AVP does what it says on the can, lacking the class and horror of Alien and without the macho glory of Predator it is almost equal to both Aliens and Predator 2, which manage to keep their noses in front of this new offering through sheer weight of shells fired if nothing else. On the other hand what made Danny Glover the hardest man on the planet?
This film is dumb fun and a great spectacle. It lacks horror and it isn't that jumpy but you do get to see Predators acting really cool and killing Aliens in a pyramid beneath Antarctica , how can you say that isn't worth a look?
Like the plot from some fan boy's sci-fi film wet dream – but real! The titans of human butchery are back and this time it's each other they're after- phew! But hold on a minute, the news isn't so good if you're one of a hand picked team sent to investigate a mysterious pyramid two thousand feet beneath the ice of Antarctica that just happens to be the Predators hunting ground. Oops, should have stayed in the lab but the Billionaire Charles Bishop Weyland can be a persuasive fellow and who could pass up on the opportunity to be one of the first to uncover the enigma of the newly discovered pyramid?
Weyland is played by Lance Henriksen who the keen eyed in the audience will recognise as the android Bishop from the films Aliens and Aliens 3. Henriksen adds an air of continuity to the Aliens franchise and gravitas to the cast of humans. But the star of the film, aside from the extra terrestrials, is gutsy Alexa ‘Lex' Woods played by Sanaa Lathan. Lex leads the team, despite her loudly voiced objections, into the heart of the pyramid and into an age-old cycle of horror and killing designed by the bloody-minded Predators. Since Predator 2 and Danny Glover's penetration of the Predator spacecraft audiences have been aware of both their frequent visits to earth and their taste for a bit of Geiger Alien hunting. AVP expands these two
premises and weaves them into a back-story that explains the appearance of the pyramid structure all over the surface of the earth in many differing cultures. The fact that they revealed to be elaborate mazes of death designed to train young Predators in the art of killing, (Aliens bred especially for this purpose) surely only adds to the mystique and glamour of these ancient structures.
The film builds the tension slowly before things go horribly wrong for the human team who inadvertently kick off the gory proceedings before the young Predators have had chance to properly tool-up. Hopelessly outnumbered by Alien spawn the Predators have the bothersome task of retrieving their famously deadly shoulder guns from the blundering humans which leads to a strange alliance being formed between one Predator and born survivor Lex. This relationship is, as with Danny Glover, designed to show that humans can be hard enough to earn the respect of galactic big game hunters but also at one-point verges on the romantic.
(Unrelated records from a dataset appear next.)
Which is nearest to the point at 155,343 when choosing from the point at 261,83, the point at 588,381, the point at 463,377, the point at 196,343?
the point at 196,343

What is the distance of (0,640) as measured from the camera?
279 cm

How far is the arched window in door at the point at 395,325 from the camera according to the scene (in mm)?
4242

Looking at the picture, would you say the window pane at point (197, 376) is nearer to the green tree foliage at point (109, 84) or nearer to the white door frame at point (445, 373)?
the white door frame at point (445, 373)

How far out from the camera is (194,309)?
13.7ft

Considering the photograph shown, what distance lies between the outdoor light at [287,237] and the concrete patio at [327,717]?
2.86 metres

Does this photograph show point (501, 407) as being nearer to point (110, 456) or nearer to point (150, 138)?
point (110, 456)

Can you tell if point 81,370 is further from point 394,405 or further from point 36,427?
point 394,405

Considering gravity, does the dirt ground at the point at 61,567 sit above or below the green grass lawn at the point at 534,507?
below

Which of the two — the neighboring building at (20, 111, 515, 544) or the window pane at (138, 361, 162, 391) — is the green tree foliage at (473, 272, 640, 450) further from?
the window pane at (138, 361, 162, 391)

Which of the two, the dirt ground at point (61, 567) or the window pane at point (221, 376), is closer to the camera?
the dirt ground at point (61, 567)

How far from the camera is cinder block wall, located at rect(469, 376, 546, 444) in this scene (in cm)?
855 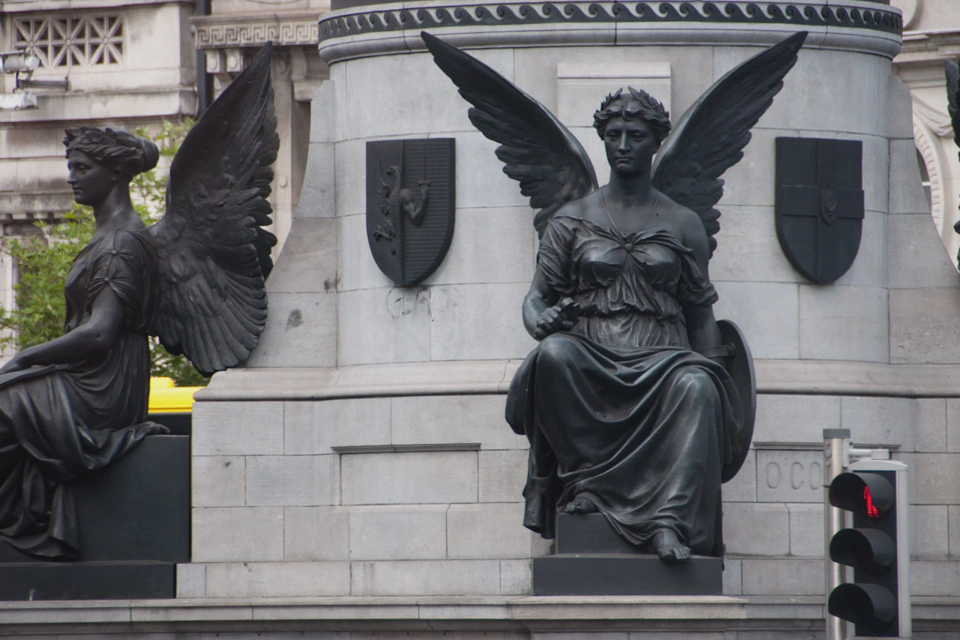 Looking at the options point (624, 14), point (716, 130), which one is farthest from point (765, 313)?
point (624, 14)

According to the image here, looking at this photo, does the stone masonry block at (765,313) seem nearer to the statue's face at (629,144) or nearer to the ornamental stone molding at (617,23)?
the ornamental stone molding at (617,23)

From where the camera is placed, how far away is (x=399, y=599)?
16.7 metres

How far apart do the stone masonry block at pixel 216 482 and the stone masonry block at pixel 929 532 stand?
174 inches

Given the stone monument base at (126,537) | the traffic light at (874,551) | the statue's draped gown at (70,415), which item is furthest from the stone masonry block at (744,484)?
the traffic light at (874,551)

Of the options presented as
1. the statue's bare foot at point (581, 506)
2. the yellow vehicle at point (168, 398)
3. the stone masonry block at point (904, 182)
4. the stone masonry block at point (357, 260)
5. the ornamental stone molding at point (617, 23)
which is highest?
the ornamental stone molding at point (617, 23)

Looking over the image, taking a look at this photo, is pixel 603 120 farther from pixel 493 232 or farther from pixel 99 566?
pixel 99 566

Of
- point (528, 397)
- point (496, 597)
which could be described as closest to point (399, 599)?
point (496, 597)

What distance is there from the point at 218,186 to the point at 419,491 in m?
2.46

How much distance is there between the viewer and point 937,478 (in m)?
17.6

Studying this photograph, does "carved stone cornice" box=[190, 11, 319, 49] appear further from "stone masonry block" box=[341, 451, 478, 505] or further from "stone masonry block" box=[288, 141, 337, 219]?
"stone masonry block" box=[341, 451, 478, 505]

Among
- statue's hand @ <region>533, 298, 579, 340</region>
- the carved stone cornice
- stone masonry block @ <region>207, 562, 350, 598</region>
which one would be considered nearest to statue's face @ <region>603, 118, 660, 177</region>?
statue's hand @ <region>533, 298, 579, 340</region>

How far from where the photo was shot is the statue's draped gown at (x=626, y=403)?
15516 mm

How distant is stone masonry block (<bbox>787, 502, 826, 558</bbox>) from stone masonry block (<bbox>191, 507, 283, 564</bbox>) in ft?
11.0

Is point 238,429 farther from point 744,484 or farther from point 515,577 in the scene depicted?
point 744,484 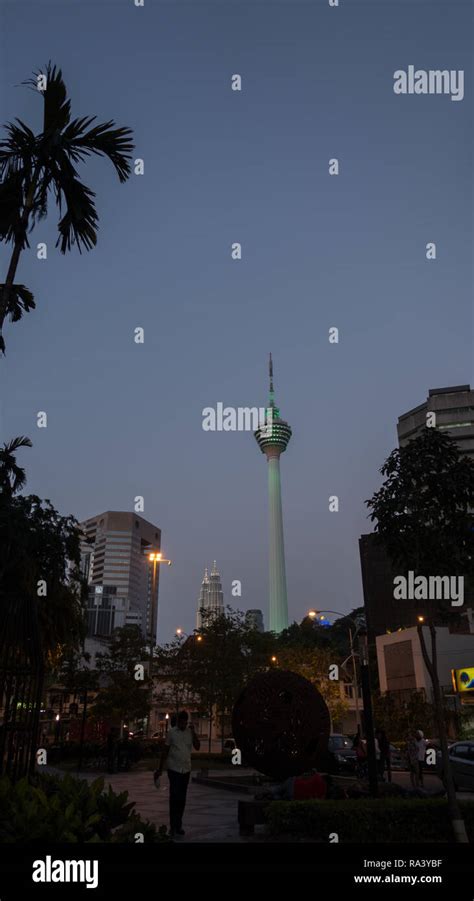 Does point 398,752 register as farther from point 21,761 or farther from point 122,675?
point 21,761

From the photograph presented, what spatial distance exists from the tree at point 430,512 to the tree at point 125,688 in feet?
85.3

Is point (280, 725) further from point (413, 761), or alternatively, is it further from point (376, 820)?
point (413, 761)

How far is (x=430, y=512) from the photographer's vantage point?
1261 centimetres

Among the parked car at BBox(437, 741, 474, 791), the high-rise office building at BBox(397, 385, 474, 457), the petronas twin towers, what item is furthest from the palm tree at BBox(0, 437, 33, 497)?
the petronas twin towers

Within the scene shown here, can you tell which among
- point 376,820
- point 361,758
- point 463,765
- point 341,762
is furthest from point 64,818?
point 341,762

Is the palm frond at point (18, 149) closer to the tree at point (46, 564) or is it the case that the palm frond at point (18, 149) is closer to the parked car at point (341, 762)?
the tree at point (46, 564)

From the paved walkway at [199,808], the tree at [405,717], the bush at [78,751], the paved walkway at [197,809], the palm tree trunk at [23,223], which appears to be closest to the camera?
the paved walkway at [199,808]

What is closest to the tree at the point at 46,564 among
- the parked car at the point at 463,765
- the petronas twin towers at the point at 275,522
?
the parked car at the point at 463,765

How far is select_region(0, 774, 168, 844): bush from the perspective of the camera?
208 inches

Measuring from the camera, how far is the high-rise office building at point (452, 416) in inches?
4449

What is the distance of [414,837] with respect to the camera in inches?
404

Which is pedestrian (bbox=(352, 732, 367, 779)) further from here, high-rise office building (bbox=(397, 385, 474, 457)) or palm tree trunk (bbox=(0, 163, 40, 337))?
high-rise office building (bbox=(397, 385, 474, 457))

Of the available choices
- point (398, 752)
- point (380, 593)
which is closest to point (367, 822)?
point (398, 752)

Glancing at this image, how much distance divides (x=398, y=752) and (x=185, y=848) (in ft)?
109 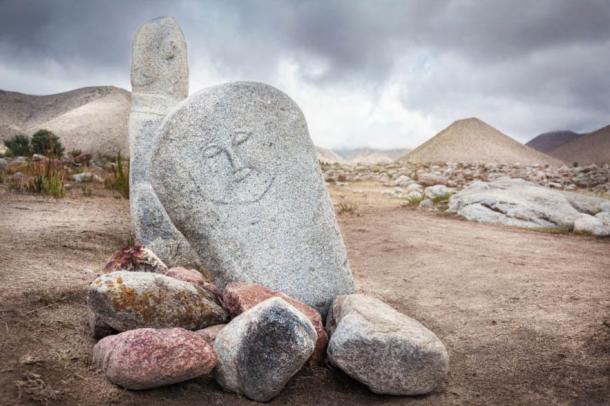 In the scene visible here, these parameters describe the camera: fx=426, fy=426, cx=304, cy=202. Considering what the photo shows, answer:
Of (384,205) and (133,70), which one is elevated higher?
(133,70)

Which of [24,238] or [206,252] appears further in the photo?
[24,238]

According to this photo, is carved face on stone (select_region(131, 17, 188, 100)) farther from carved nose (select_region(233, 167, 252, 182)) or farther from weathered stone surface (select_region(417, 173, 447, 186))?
weathered stone surface (select_region(417, 173, 447, 186))

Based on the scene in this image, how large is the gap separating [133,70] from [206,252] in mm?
3058

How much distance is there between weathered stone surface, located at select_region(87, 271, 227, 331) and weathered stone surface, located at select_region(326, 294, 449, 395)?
80 cm

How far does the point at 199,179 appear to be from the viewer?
280 centimetres

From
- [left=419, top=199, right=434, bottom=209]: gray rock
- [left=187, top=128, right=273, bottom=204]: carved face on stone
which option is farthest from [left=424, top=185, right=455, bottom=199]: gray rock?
[left=187, top=128, right=273, bottom=204]: carved face on stone

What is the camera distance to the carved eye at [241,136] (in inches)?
113

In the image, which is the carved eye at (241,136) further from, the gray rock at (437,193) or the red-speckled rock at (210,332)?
the gray rock at (437,193)

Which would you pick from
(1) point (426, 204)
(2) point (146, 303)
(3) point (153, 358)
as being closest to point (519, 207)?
(1) point (426, 204)

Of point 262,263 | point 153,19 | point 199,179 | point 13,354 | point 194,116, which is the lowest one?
point 13,354

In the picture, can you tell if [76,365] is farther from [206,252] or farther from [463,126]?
[463,126]

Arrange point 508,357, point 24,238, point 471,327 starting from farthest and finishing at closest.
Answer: point 24,238 → point 471,327 → point 508,357

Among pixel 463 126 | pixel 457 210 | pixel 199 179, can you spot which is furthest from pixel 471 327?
pixel 463 126

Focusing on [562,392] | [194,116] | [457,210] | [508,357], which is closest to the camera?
[562,392] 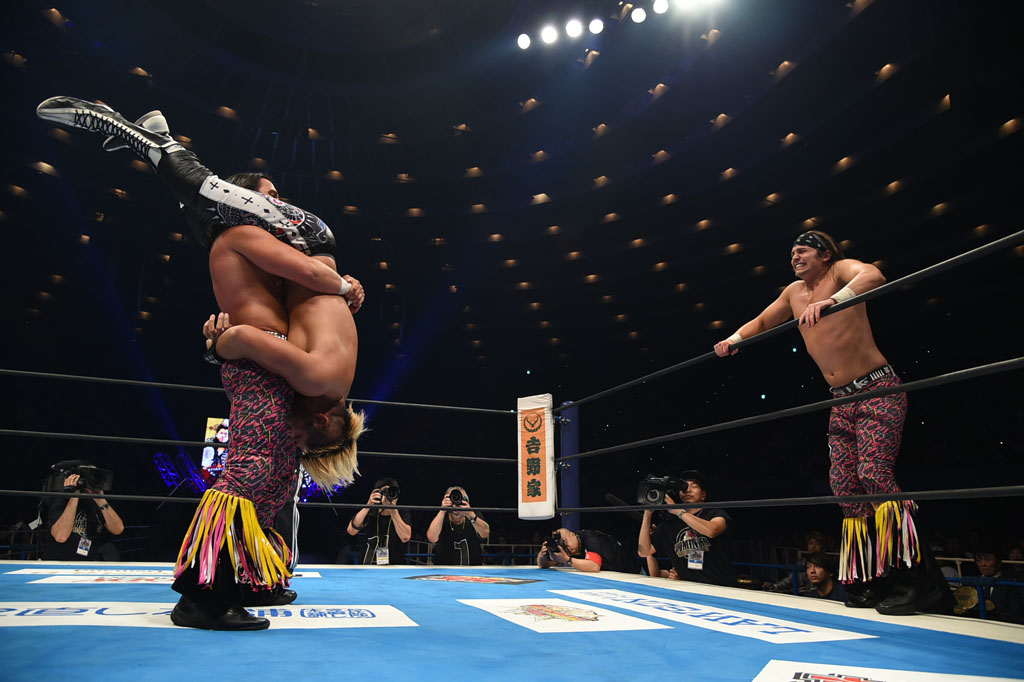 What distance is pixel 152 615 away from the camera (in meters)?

AVP does what it says on the can, lacking the class and horror of Alien and without the macho glory of Predator it is almost equal to both Aliens and Predator 2, which manage to keep their noses in front of this new offering through sheer weight of shells fired if nothing else. On the other hand what made Danny Glover the hardest man on the planet?
This film is dumb fun and a great spectacle. It lacks horror and it isn't that jumpy but you do get to see Predators acting really cool and killing Aliens in a pyramid beneath Antarctica , how can you say that isn't worth a look?